When you switch the order of quantifiers from a $\forall x \exists y P(x,y)$ into a $\exists y \forall x P(x,y)$, the numbers of things your choice of $y$ can depend on gets smaller, so you almost never get equivalent statements. However, there is an easy implication between the two : $\exists y \forall x P(x,y) \implies \forall x \exists y P(x,y)$. So $\cup_{i\ge 1} \cap_{n\ge i} A_n \subset \liminf A_n$ and $\cap_{i\ge 1} \cup_{n\ge i} A_n \subset \limsup A_n$

$\limsup A_n$ and $\liminf A_n$ are always closed : $x \notin \limsup A_n$ means that there is an open neighboorhood $U$ of $x$ such that $P(U)$ for some property $P$, and so for every $y \in U$ it is again the case that there is a neighboorhood of $y$, namely $U$, such that $P(U)$.

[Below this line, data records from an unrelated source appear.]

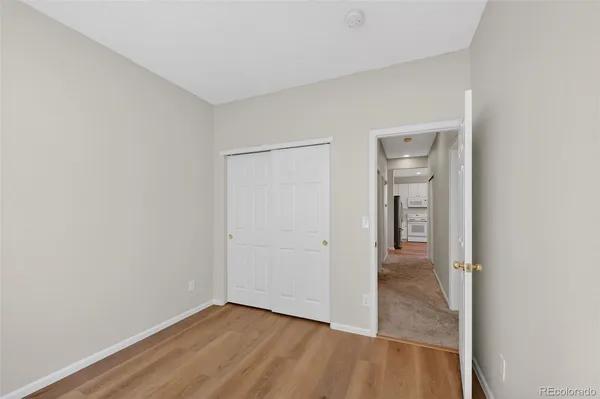 $495,000 | 19563 East Hollow Creek Drive, Parker, CO 80134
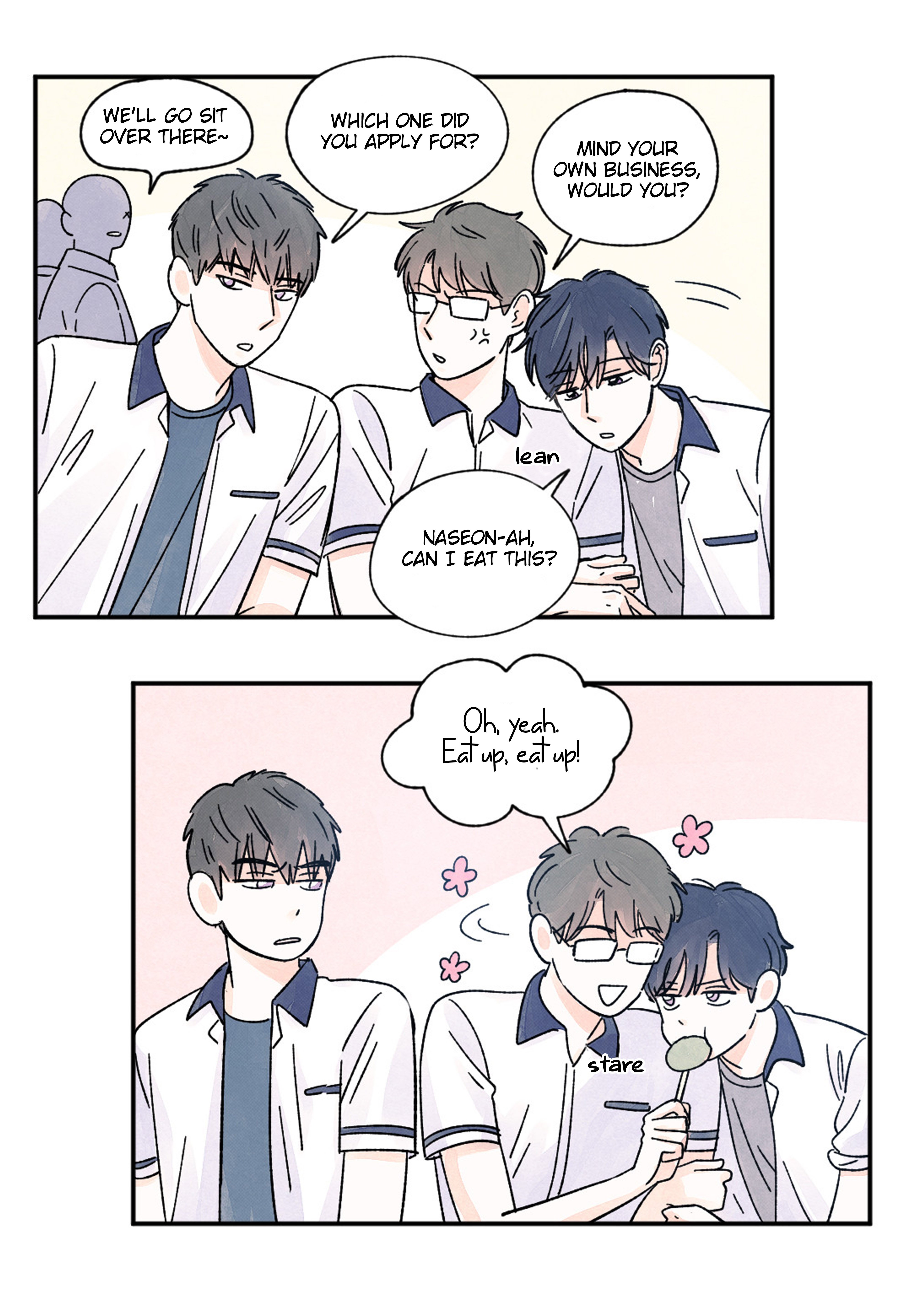 Page 14 of Chapter 60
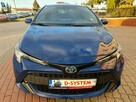 Toyota Corolla 20r Salon Polska 1.8 HYBRID Gwarancja - 7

So in fact, we have $\cup_{i\ge 1} \cap_{n\ge i} A_n \subset \overline{\cup_{i\ge 1} \cap_{n\ge i} A_n} \subset \liminf A_n$ and $\cap_{i\ge 1} \cup_{n\ge i} A_n \subset \overline{\cap_{i\ge 1} \cup_{n\ge i} A_n} \subset \cap_{i\ge 1} \overline{\cup_{n\ge i} A_n} = \limsup A_n$.

There should be examples where all the inequalities are strict. Also, I've not thought about cases where we don't necessarily pick compact sets for $A_n$.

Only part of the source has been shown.